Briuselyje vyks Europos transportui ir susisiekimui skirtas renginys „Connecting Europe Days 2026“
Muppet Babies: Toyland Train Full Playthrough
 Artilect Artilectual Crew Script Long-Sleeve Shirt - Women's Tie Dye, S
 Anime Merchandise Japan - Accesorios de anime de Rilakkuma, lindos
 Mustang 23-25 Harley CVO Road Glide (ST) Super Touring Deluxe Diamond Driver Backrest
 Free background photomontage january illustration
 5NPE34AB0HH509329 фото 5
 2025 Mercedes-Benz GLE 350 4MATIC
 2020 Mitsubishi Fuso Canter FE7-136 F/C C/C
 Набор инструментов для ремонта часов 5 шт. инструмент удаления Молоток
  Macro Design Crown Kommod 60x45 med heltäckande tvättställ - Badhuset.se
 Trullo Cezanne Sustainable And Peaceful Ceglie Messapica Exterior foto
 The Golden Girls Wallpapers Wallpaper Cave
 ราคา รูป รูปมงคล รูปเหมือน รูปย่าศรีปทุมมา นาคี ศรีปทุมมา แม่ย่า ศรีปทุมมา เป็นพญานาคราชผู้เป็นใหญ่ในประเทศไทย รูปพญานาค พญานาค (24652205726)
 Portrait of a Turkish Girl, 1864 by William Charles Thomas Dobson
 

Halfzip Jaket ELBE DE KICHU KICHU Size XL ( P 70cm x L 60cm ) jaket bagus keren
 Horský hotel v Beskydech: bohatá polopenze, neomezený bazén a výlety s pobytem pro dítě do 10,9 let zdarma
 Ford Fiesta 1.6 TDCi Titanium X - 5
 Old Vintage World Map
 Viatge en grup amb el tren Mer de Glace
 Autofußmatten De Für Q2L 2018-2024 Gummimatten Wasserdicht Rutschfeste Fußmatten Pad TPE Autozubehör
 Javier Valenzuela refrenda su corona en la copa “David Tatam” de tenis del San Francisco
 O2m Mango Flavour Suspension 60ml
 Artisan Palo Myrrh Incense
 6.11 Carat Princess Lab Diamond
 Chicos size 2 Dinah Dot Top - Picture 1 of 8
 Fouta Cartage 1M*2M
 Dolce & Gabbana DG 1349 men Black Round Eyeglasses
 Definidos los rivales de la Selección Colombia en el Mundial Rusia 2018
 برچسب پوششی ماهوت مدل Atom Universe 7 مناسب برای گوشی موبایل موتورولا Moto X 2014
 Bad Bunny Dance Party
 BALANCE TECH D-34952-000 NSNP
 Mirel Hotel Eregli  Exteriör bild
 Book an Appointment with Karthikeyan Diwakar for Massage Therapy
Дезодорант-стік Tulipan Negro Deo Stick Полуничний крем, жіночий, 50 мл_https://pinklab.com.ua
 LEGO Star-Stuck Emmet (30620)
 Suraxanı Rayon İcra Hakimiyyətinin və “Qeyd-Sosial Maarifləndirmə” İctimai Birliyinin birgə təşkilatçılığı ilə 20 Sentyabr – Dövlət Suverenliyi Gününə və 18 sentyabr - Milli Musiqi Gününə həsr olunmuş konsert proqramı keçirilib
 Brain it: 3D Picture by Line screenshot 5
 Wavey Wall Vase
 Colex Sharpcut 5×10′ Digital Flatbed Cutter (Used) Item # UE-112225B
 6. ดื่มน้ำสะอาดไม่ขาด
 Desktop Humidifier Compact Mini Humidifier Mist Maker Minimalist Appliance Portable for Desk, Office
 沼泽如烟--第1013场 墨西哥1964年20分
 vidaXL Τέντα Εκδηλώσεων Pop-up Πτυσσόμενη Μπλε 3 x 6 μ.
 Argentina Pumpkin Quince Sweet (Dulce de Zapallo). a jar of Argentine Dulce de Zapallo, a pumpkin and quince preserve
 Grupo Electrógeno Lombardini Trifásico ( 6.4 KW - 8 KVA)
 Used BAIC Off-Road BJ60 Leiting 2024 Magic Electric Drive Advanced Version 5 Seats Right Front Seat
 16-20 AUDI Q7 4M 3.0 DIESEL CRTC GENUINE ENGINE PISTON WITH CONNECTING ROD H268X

* **WHAT THE EXERCISE ASKS**: Copy out the full set of records precisely, leaving nothing out.

* **RESULT OF THE EXERCISE**:
Briuselyje vyks Europos transportui ir susisiekimui skirtas renginys „Connecting Europe Days 2026“
Muppet Babies: Toyland Train Full Playthrough
 Artilect Artilectual Crew Script Long-Sleeve Shirt - Women's Tie Dye, S
 Anime Merchandise Japan - Accesorios de anime de Rilakkuma, lindos
 Mustang 23-25 Harley CVO Road Glide (ST) Super Touring Deluxe Diamond Driver Backrest
 Free background photomontage january illustration
 5NPE34AB0HH509329 фото 5
 2025 Mercedes-Benz GLE 350 4MATIC
 2020 Mitsubishi Fuso Canter FE7-136 F/C C/C
 Набор инструментов для ремонта часов 5 шт. инструмент удаления Молоток
  Macro Design Crown Kommod 60x45 med heltäckande tvättställ - Badhuset.se
 Trullo Cezanne Sustainable And Peaceful Ceglie Messapica Exterior foto
 The Golden Girls Wallpapers Wallpaper Cave
 ราคา รูป รูปมงคล รูปเหมือน รูปย่าศรีปทุมมา นาคี ศรีปทุมมา แม่ย่า ศรีปทุมมา เป็นพญานาคราชผู้เป็นใหญ่ในประเทศไทย รูปพญานาค พญานาค (24652205726)
 Portrait of a Turkish Girl, 1864 by William Charles Thomas Dobson
 

Halfzip Jaket ELBE DE KICHU KICHU Size XL ( P 70cm x L 60cm ) jaket bagus keren
 Horský hotel v Beskydech: bohatá polopenze, neomezený bazén a výlety s pobytem pro dítě do 10,9 let zdarma
 Ford Fiesta 1.6 TDCi Titanium X - 5
 Old Vintage World Map
 Viatge en grup amb el tren Mer de Glace
 Autofußmatten De Für Q2L 2018-2024 Gummimatten Wasserdicht Rutschfeste Fußmatten Pad TPE Autozubehör
 Javier Valenzuela refrenda su corona en la copa “David Tatam” de tenis del San Francisco
 O2m Mango Flavour Suspension 60ml
 Artisan Palo Myrrh Incense
 6.11 Carat Princess Lab Diamond
 Chicos size 2 Dinah Dot Top - Picture 1 of 8
 Fouta Cartage 1M*2M
 Dolce & Gabbana DG 1349 men Black Round Eyeglasses
 Definidos los rivales de la Selección Colombia en el Mundial Rusia 2018
 برچسب پوششی ماهوت مدل Atom Universe 7 مناسب برای گوشی موبایل موتورولا Moto X 2014
 Bad Bunny Dance Party
 BALANCE TECH D-34952-000 NSNP
 Mirel Hotel Eregli  Exteriör bild
 Book an Appointment with Karthikeyan Diwakar for Massage Therapy
Дезодорант-стік Tulipan Negro Deo Stick Полуничний крем, жіночий, 50 мл_https://pinklab.com.ua
 LEGO Star-Stuck Emmet (30620)
 Suraxanı Rayon İcra Hakimiyyətinin və “Qeyd-Sosial Maarifləndirmə” İctimai Birliyinin birgə təşkilatçılığı ilə 20 Sentyabr – Dövlət Suverenliyi Gününə və 18 sentyabr - Milli Musiqi Gününə həsr olunmuş konsert proqramı keçirilib
 Brain it: 3D Picture by Line screenshot 5
 Wavey Wall Vase
 Colex Sharpcut 5×10′ Digital Flatbed Cutter (Used) Item # UE-112225B
 6. ดื่มน้ำสะอาดไม่ขาด
 Desktop Humidifier Compact Mini Humidifier Mist Maker Minimalist Appliance Portable for Desk, Office
 沼泽如烟--第1013场 墨西哥1964年20分
 vidaXL Τέντα Εκδηλώσεων Pop-up Πτυσσόμενη Μπλε 3 x 6 μ.
 Argentina Pumpkin Quince Sweet (Dulce de Zapallo). a jar of Argentine Dulce de Zapallo, a pumpkin and quince preserve
 Grupo Electrógeno Lombardini Trifásico ( 6.4 KW - 8 KVA)
 Used BAIC Off-Road BJ60 Leiting 2024 Magic Electric Drive Advanced Version 5 Seats Right Front Seat
 16-20 AUDI Q7 4M 3.0 DIESEL CRTC GENUINE ENGINE PISTON WITH CONNECTING ROD H268X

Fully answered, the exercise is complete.